5. Overarching compliance with the data principles 

5.1. The General Data Protection Regulations contain six key principles which must be followed when processing data. 

5.2. We will broadly comply with these principles as follows: 

Principle  Compliance statement 
Data is processed lawfully, fairly and in a transparent manner in relation to individuals;  Where we hold personal data we will clearly document the reasons for doing so. 

We will have a preference to hold personal data because we have a contract with the individual (or their parent) or we have their consent to do so. 

We will only rely on legitimate interest as a basis to hold data where the Trust agrees this is necessary. Where we rely on legitimate interest as a basis for holding data then we will not contact these individuals by phone or email for development, marketing or fundraising purposes. 

Appendix Two to this policy statement lists the legal basis on which we hold all main sources of personal data and the current agreed list of personal data held on a legitimate interest basis. 
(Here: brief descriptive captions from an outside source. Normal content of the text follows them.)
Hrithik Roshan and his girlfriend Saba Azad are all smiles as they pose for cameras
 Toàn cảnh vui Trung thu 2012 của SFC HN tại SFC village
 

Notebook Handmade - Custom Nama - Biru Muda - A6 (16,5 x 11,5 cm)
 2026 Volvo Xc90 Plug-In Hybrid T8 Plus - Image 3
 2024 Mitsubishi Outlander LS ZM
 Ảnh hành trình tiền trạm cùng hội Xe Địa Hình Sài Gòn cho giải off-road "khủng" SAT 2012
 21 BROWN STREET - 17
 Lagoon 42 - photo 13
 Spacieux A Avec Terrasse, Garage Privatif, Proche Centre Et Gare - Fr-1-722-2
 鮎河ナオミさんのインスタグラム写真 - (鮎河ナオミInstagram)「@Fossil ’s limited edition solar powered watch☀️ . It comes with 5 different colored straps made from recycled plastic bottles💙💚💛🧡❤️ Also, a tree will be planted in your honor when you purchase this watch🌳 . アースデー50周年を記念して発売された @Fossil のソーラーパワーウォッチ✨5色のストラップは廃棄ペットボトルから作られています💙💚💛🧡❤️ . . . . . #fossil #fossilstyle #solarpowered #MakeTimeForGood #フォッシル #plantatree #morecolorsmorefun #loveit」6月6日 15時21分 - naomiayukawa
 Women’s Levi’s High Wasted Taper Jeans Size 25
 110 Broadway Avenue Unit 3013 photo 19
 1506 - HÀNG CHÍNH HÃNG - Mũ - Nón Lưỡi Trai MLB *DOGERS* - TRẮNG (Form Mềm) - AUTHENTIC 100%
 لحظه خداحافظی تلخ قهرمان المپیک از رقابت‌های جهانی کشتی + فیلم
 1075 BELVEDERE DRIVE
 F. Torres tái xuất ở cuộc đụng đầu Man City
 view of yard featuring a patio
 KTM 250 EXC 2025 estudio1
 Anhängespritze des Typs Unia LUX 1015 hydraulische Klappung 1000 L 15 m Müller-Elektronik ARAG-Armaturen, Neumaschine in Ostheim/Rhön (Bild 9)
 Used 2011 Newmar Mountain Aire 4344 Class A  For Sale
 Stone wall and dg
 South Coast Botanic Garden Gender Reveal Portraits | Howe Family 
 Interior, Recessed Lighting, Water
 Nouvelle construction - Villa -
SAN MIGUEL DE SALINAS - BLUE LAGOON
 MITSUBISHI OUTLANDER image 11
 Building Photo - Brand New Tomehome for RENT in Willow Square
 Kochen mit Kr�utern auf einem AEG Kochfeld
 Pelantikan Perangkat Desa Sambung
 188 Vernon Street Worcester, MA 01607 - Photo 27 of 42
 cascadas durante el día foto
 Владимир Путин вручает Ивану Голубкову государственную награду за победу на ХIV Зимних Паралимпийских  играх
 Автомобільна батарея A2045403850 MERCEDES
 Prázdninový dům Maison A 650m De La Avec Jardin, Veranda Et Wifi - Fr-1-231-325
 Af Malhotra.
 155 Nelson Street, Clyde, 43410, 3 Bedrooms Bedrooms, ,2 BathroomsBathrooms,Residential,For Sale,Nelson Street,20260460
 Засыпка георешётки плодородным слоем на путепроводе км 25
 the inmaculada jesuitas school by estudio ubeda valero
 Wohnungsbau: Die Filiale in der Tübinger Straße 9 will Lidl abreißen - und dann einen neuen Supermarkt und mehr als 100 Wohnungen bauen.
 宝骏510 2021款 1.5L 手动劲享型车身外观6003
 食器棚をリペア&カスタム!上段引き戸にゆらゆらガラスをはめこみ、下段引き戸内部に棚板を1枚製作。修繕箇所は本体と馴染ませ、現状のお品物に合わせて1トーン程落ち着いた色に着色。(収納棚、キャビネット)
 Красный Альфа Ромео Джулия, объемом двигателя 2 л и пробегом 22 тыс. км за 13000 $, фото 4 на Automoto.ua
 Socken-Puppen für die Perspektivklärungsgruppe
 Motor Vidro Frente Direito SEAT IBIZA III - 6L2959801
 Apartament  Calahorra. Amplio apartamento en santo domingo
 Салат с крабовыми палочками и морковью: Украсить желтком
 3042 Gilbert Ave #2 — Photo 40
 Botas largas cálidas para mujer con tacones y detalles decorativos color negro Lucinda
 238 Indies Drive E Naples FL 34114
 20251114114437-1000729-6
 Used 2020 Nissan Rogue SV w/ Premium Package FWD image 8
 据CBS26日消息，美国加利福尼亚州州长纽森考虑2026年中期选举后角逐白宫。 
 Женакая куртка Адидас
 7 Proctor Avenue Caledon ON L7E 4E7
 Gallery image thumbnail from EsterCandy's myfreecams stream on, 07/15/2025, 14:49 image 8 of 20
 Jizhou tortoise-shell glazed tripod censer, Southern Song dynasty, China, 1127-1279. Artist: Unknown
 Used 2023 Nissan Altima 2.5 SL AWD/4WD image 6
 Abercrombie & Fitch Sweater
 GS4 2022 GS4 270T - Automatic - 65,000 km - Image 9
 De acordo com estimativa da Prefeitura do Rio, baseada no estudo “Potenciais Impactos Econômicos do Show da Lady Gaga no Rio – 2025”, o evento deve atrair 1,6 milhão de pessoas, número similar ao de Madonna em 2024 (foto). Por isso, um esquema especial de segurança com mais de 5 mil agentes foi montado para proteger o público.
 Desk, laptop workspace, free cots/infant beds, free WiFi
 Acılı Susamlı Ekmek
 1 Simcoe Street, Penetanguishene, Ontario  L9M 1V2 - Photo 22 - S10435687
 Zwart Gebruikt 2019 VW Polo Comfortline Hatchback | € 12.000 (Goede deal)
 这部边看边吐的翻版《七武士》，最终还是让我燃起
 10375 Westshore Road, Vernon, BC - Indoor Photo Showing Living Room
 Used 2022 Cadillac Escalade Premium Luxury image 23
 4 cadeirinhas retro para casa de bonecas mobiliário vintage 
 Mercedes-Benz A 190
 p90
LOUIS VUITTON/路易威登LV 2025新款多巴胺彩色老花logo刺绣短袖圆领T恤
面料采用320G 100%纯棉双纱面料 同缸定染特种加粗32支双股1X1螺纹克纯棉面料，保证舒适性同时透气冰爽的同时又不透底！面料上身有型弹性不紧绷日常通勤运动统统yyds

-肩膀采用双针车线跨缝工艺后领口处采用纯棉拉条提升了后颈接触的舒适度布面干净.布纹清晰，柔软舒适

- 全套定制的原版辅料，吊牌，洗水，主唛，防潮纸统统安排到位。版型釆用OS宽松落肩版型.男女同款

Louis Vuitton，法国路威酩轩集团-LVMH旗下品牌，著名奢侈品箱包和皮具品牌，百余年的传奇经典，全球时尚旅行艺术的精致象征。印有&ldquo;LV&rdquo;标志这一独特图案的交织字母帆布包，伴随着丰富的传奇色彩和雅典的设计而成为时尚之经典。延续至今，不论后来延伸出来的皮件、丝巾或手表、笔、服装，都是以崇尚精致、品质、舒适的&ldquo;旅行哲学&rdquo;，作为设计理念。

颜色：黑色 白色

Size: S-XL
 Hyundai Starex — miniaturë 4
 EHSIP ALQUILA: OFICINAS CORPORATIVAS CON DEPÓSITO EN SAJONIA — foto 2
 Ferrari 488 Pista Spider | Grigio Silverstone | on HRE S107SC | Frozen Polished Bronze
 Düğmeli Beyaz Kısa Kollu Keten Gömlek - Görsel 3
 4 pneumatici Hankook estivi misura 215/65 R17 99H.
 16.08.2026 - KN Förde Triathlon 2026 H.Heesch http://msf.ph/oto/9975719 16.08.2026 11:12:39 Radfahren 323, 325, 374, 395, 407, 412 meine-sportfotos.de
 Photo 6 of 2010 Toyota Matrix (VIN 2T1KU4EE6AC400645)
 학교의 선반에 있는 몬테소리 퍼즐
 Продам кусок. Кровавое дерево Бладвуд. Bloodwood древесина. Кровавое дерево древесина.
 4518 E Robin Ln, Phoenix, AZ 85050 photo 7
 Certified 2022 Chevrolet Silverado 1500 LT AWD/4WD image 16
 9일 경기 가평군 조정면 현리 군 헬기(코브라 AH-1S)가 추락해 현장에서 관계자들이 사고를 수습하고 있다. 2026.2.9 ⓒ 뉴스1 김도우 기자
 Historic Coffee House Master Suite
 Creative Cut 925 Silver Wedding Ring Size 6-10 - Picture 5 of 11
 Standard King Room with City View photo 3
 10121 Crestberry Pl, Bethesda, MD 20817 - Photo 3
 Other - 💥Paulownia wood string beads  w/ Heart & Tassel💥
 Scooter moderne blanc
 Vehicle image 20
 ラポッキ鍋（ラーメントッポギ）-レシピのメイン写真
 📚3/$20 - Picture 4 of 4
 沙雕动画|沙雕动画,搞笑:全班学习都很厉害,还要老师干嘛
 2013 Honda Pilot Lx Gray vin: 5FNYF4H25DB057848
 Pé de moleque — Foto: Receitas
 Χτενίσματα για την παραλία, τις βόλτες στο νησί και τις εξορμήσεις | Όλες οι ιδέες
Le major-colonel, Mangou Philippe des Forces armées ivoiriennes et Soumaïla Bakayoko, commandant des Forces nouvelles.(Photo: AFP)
We will have Data Privacy Notices, written in plain English, for all main sources of personal data that we hold and regularly share these with the data subjects. These Data Privacy Notices need to be approved by the Lay Bursar. 

Data is collected for specified, explicit and legitimate purposes and not further processed in a manner that is incompatible with those purposes  It will be the responsibility of data owners to ensure that all those with access to data for which they are the owner are aware of what it says in the Data Privacy Notice and follow it. 

It will be the responsibility of the Lay Bursar to ensure that there are periodic audits of compliance with Data Privacy Notices. 

We will only pass data to third parties where there is a clear business need or legal obligation to do so. Examples of this include prospective employers, police, auditors, pension providers. 

We will not pass personal data to a third party where the third party is paying us to do so. 

Data is adequate, relevant and limited to what is necessary in relation to the purposes for which they are processed  We will only collect data that we can demonstrate that we need to undertake our business. 

We will only share data within the Trust with those that have a demonstrable operational or business need to have access to the data. 

We will adopt the clear practice of not holding data that we consider would cause us embarrassment or harm if we had to tell the data subject that we hold it. 

Data is accurate and where necessary kept up to date.  We will tell all data subjects annually or, on a three year cycle, what data we hold on them and give them the opportunity to correct it. 

We will delete data that we hold under the Legitimate Interest or Consent reason where the individual tells us they do not want us to hold it.